Personal data we receive automatically from your use of the Services

When you use the Services, we also receive certain technical data automatically (described below, collectively "Technical Information"). This includes:

• Device and Connection Information. Consistent with your device or browser permissions, your device or browser automatically sends us information about when and how you install, access, or use our Services. This includes information such as your device type, operating system information, browser information and web page referrers, mobile network, connection information, mobile operator or internet service provider (ISP), time zone setting, IP address (including information about the location of the device derived from your IP address), identifiers (including device or advertising identifiers, probabilistic identifiers, and other unique personal or online identifiers), and device location.

• Usage Information. We collect information about your use of the Services, such as the dates and times of access, browsing history, search, information about the links you click, pages you view, and other information about how you use the Services, and technology on the devices you use to access the Services.

• Log and Troubleshooting Information. We collect information about how our Services are performing when you use them. This information includes log files. If you or your device experiences an error, we may collect information about the error, the time the error occurred, the feature being used, the state of the application when the error occurred, and any communications or content provided at the time the error occurred.

• Cookies & Similar Technologies. We and our service providers use cookies, scripts, or similar technologies ("Cookies") to manage the Services and to collect information about you and your use of the Services. These technologies help us to recognize you, customize or personalize your experience, market additional products or services to you, and analyze the use of our Services to make them safer and more useful to you. For more details about how we use these technologies, and your opt-out controls and other options, please visit our Cookie Policy.

• Information from Third Parties. We may receive information about you from publicly available sources and business data providers. If you connect third-party services (such as CRM, financial, or marketing platforms) to Adapt, we receive data from those integrations as authorized by you.

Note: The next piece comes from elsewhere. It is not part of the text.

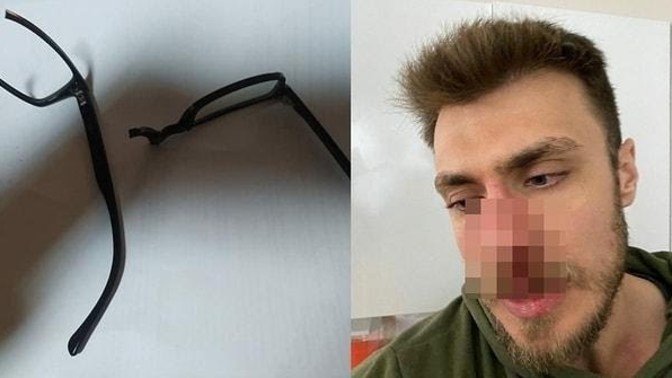 İzmir'de hamile eşini hastaneye götüren Suriyeli Benim karıma erkek doktor bakamaz diyerek doktora saldırıp doktorun burnunu kırdı?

2. Uses of Personal Data Permitted Under Applicable Data Protection Laws

We use your personal data for the following purposes:

• To provide, maintain and facilitate any products and services offered to you with respect to your Adapt account, which are governed by our Terms of Service;
• To provide, maintain and facilitate optional services and features that enhance platform functionality and user experience;
• To communicate with you, including to send you information about our Services and events;
• To create and administer your Adapt account, including authentication of users and to maintain account security;
• To facilitate payments for products and services provided by Adapt;
• To prevent and investigate fraud, abuse, and violations of our Usage Policy, unlawful or criminal activity, unauthorized access to or use of personal data or Adapt systems and networks, to protect our rights and the rights of others, and to meet legal, governmental and institutional policy obligations;
• To investigate and resolve disputes;
• To investigate and resolve security issues;
• To debug and to identify and repair errors that impair existing functionality;
• To improve the Services and conduct research, using de-identified and aggregated data only; and
• To enforce our Terms of Service and similar terms and agreements, including our Usage Policy.

We do not use Customer Data to train AI models. We may use your Inputs and Outputs to improve our Services. We may review Inputs and Outputs when your conversations are flagged for safety review to detect harmful content or enforce our policies, or when you've explicitly reported the materials to us (for example via our feedback mechanisms).

Please see Section 10 below for details of our legal bases for processing your personal data.

3. How We Share Your Information

Adapt does not sell, rent, or lease your Customer Data. We may share your information only with your explicit consent, when required by law, or as necessary to provide the Services. Adapt will disclose personal data to the following categories of third parties for the purposes explained in this Policy:

• Affiliates & corporate partners. Adapt discloses the categories of personal data described above between and among its affiliates and related entities.

• Service providers & business partners. Adapt may disclose the categories of personal data described above with service providers and business partners for a variety of business purposes, including website and data hosting, ensuring compliance with industry standards, research, auditing, data processing, and providing you with the services.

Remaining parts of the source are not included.